1.2 Different Data Items Describing one “Thing”
So there are two critical components to each bidder:
struct Bidder {
std::string name;
Money balance;
};
A struct
declares a data type as a collection of
-
fields (a.k.a. data members)
-
Each field has
- a data type
- a field name (a.k.a. member name)
Using std::string for the first field type is pretty much a no-brainer.
The choice of data type to use for the account balance is trickier:
- Monetary amounts are normally written with decimal points, so we might think to sue float or double.
But floating point does not really work well. The representation is not exact, nor are the calculations. And company auditors really don’t ant to hear stories about round-off error.

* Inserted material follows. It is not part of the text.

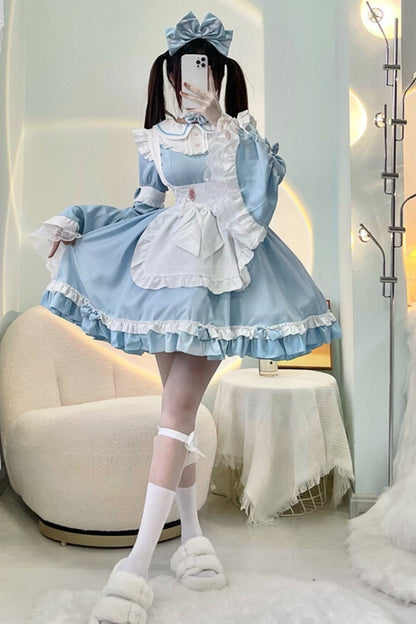 And Blue Lolita Maid Dress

- Integer types (int or long) work better. We could use the integer to represent the number of cents in the monetary amount.
But integers don’t read and write with decimal points, so we would need special functions for that purpose. It’s not impossible, but it could be annoying.

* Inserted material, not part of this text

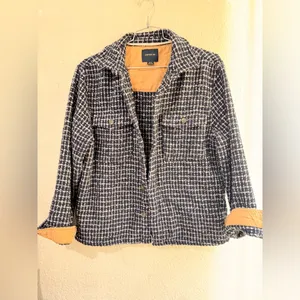 Cotton On blue and white tweed shirt jacket with a tan lining. Size M oversized thumbnail 15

If I did decide to use one of these types for money, I would still like to use the name “Money” because it is more descriptive than a generic type name like “int” or “double”. I can do that with a typedef
:
typedef double Money;
which creates a new type name “Money” as a synonym for double.
We’ll return to the question of how to represent Money
1.3 Items
An Item
is described as
"reserve-price is the minimum price the seller will accept for an item. It is a number and is specified to the penny (0.01).

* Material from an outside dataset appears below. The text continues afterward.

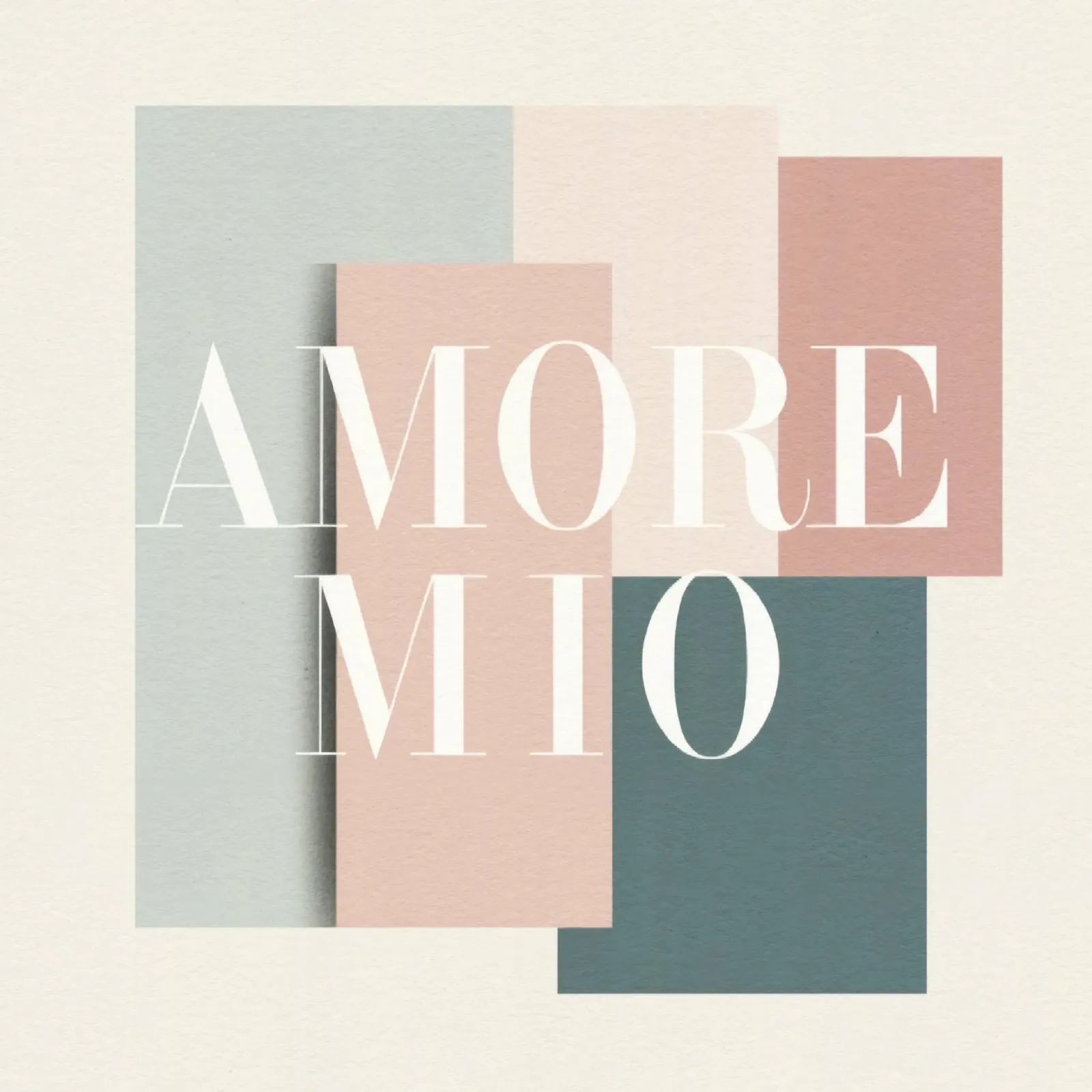 Amore Mio Tipografia Forme Pastello Arte Pesca Toni Grigi tela da Modern Muse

auction-end-time is in 24 hour format of the form XX:YY:ZZ where XX is in hours from 00 to 23, YY is in minutes from 00 to 59, and ZZ is in seconds from 00 to 59.
item-name is a string"
1.4 A Struct for Items
struct Item {
std::string name;
Money reservedPrice;
Time auctionEndsAt;
};
-
This declares a new data type,
Item
. -
Each
Item
value will have 3 fields or data members of 3 different types
1.5 Take Your Time
Item introduces a new concept, “Time”. We could have dealt with it like this
struct Item {
std::string name;
Money reservedPrice;
int auctionEndsAtHour;
int auctionEndsAtMinute;
int auctionEndsAtSecond;
};
but that’s
-
ugly
-
and we will need the idea of “time” repeatedly
- For example, bids occur at a specific time
1.6 So What is Time?
The structure for Time is not complicated:
struct Time {
int hours;
int minutes;
int seconds;
};
Now, let’s think about what making Time a struct
gains for us.
2 Some Advantages of Using Structs
struct Item {
std::string name;
Money reservedPrice;
int auctionEndsAtHour;
int auctionEndsAtMinute;
int auctionEndsAtSecond;
};
struct Item {
std::string name;
Money reservedPrice;
Time auctionEndsAt;
};
The version on the right is
-
simpler
-
easier to read
-
and, we will see, easier to work with
2.1 Structs Simplify Functions
One of the things we will need to know is whether a bid has been submitted after the official end of the auction.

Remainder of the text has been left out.